• Collected data:
········

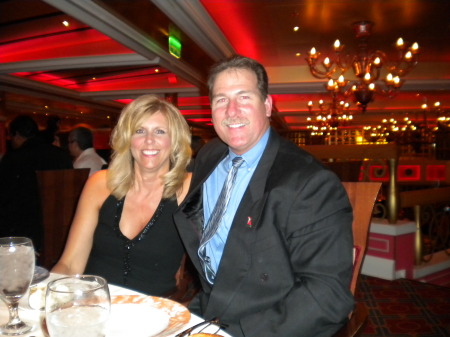 Tammy Robertson Photo 28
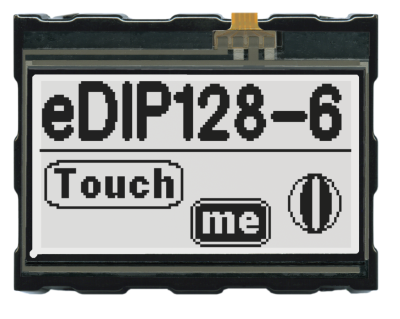116975df9506d161f13c3a13c0fa3cf7_1920x1920 (1).png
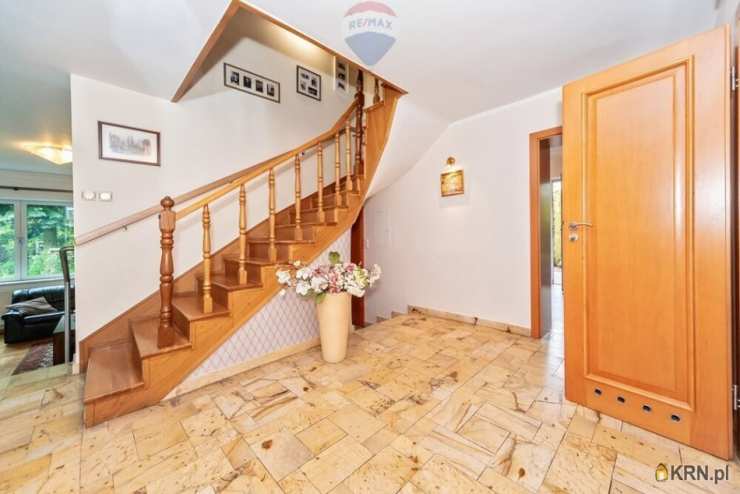 Bielsko-Biała, ul. , 7 pokojowe, Dom  na sprzedaż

········

• Try it: Word for word, give the listing above again, but drop any pictures.

• Answer below:
 Tammy Robertson Photo 28
116975df9506d161f13c3a13c0fa3cf7_1920x1920 (1).png
 Bielsko-Biała, ul. , 7 pokojowe, Dom  na sprzedaż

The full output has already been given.